西洋=二元論、東洋=一元論、らしい。
般若心経の現代語訳です。
著者の柳澤桂子は、お茶ノ水女子大、コロンビア大卒の生命科学者。
慶応大、三菱化成生命科学研に所属し、「これから」というときに不治の病に冒され、研究人生を断念せざるを得なくなり、その後歌人や創作活動を始めた、そんな人。
40万部近く売れた本書は、そんな彼女の息吹みたいなものが伝わってくる一冊、なのでしょうが、僕が印象に残ったのは、冒頭の説明。
西洋的な人生論や生き方指南書は自分と世界を二元的に捉えていますが、現実には自分は世界に埋没していて、周りとの関係性の中で生きていかざるを得ない存在。東洋的な思想はすべてを一元的に考え、宇宙の根本原理から自分自身の生き方を同じ原理で語るので現実社会に近く、ゆえにわれわれにとっては役に立つ、のだそう。
これはビジネス書の世界でもまったくそうで、いわゆる外資系のハウツー本なんかは、二元的なんです。

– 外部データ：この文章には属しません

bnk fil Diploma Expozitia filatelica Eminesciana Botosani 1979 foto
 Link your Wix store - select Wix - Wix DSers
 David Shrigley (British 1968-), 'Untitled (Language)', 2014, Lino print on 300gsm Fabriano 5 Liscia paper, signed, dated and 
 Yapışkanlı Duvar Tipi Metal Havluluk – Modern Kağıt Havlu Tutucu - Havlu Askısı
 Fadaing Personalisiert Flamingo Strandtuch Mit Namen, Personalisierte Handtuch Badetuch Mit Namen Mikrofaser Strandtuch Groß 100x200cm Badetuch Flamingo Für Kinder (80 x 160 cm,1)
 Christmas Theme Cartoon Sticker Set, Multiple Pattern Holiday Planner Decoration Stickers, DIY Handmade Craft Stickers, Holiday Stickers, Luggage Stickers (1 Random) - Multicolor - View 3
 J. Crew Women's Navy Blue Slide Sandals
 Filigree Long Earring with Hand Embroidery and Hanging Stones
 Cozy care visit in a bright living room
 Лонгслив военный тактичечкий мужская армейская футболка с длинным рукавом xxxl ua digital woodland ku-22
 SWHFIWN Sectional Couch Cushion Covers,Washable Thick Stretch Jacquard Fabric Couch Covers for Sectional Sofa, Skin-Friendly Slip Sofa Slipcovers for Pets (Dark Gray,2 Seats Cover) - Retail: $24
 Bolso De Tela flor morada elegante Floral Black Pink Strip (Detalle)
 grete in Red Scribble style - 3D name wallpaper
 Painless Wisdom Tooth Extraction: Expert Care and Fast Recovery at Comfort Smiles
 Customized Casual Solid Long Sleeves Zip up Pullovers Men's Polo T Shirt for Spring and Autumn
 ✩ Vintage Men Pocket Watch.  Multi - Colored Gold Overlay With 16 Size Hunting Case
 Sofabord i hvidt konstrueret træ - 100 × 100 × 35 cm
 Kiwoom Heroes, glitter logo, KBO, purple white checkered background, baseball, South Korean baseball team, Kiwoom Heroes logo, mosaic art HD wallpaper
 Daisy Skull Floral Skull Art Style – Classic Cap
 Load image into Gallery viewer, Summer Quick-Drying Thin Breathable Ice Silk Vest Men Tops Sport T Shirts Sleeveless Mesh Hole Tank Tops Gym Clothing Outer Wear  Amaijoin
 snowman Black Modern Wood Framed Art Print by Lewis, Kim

目的を定め、目標を設定し、優先順位をつけて、それに向かってコスト最小で向かう。他者との関係性からは独立で、単線的に物事を考える感じ。でも、僕らはキカイじゃないんだから、現実はそんなに簡単にいかない。だって、自分が動くと世界は微妙に「ずれて」いくんですから。
なんとなく思っていたことをズバリと当ててくれた一冊。
生き方もそうですけど、この人は立派ですねぇ。